Materials and methods

Literature reviewing and manual curation

To collect literature data manually, according to our previous method 19, we searched the National Center for Biotechnology Information (NCBI) PubMed database 20 for candidate publications that described the studies for human cancer immunotherapy. Search terms and their combinations used in the search strategy included cancer, carcinoma, neoplasm, tumor, leukemia, lymphoma, melanoma, malignancy, immunotherapy, immune checkpoint, and specific immune checkpoint agent and nonimmune checkpoint agent names, which were described in the systematic review publications.2,21 4515 candidate publications were retrieved before August 2020. We then filtered the abstracts of these candidate publications based on two criteria.
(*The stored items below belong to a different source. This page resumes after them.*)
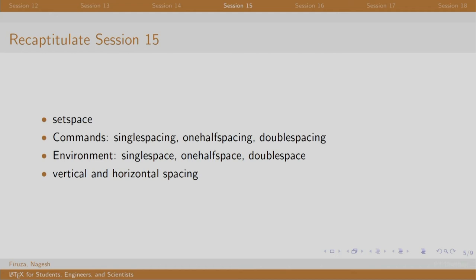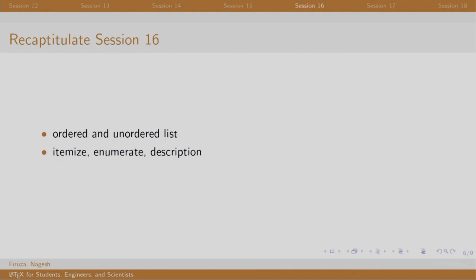Some of the most used commands are vfill and hfill. In session 16, we learnt to organize content into points. Itemize, enumerate and description environments help us do the needful.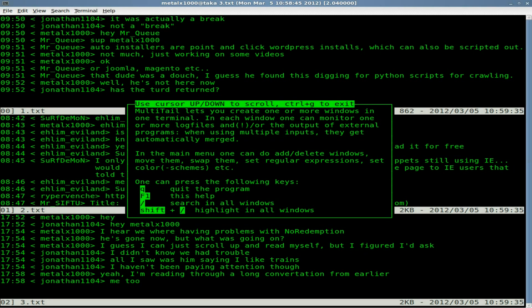There aren't a whole lot of options. Q to quit the program, F1 or Ctrl+H for help, forward slash to search all windows, and Shift and forward slash to highlight in all windows.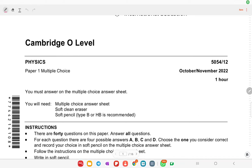Today we are going to solve the Cambridge O-Level Physics paper for October 2022. The paper code is 5054/12.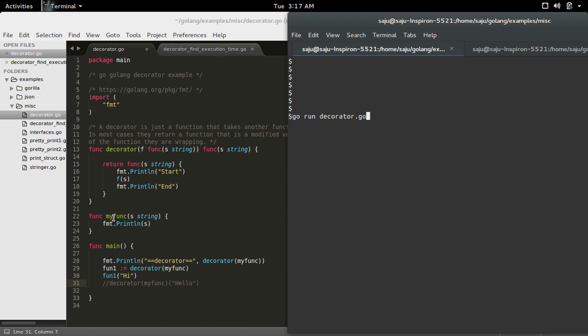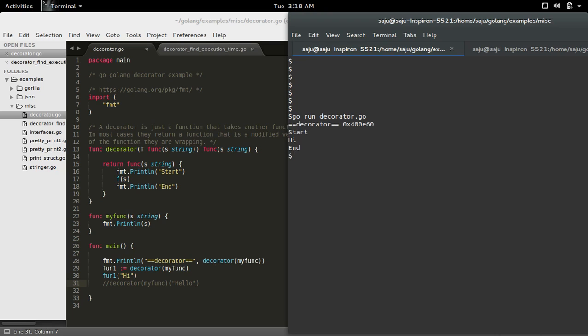So inside this main program, here I am invoking the decorator function and passing this my_func as an argument and just printing the return value of this decorator. So let me see what is the output. So it's printed the wrapper function here.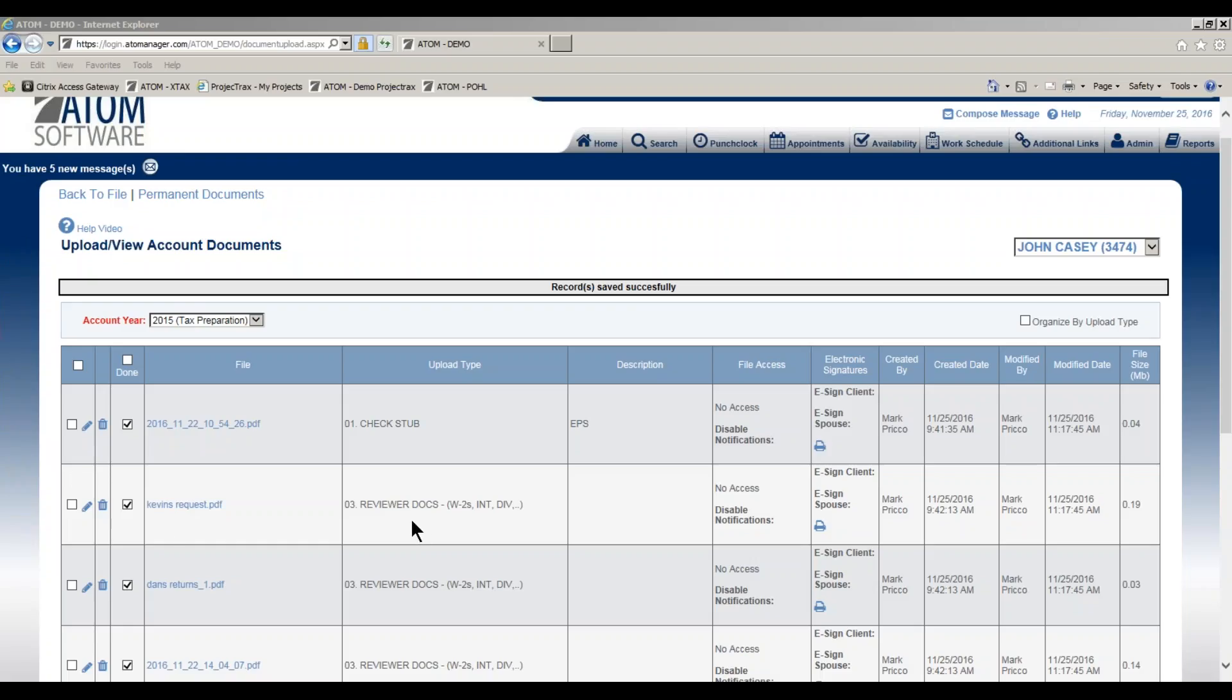Welcome to Customizing and Sending Notifications. A notification is sent whenever you give the client access to a file.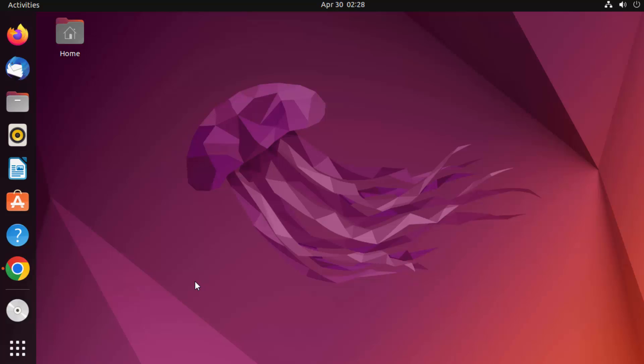Hey guys, in this video I'm going to show you how you can install MongoDB on your Ubuntu operating system. So let's get started.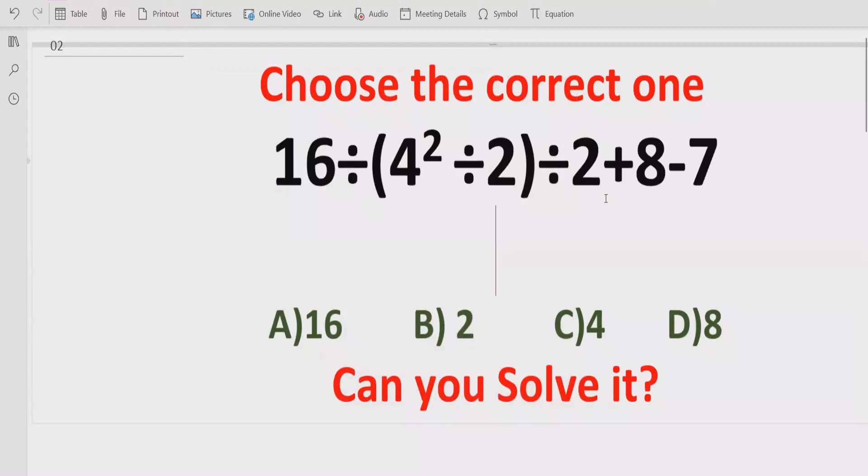Hello guys, welcome to my channel. Today we solve another quiz which is related to arithmetic expressions.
First, the publications are original research literature (including clinical and basic research papers, as well as case reports). However, review and commentary papers were excluded. Second, the publications reported experimentally validated human cancer immunotherapy, such as immune checkpoint therapy, tumor vaccine, immune related cytokine, cellular immunotherapy, and so on. 1932 publications were retained after filtering abstracts. Furthermore, the full texts of 1932 publications were reviewed and manually curated by multiple professional curators to collect and annotate the association data for cancer immunotherapy. All the curators are professionals in tumor immunology and genetics.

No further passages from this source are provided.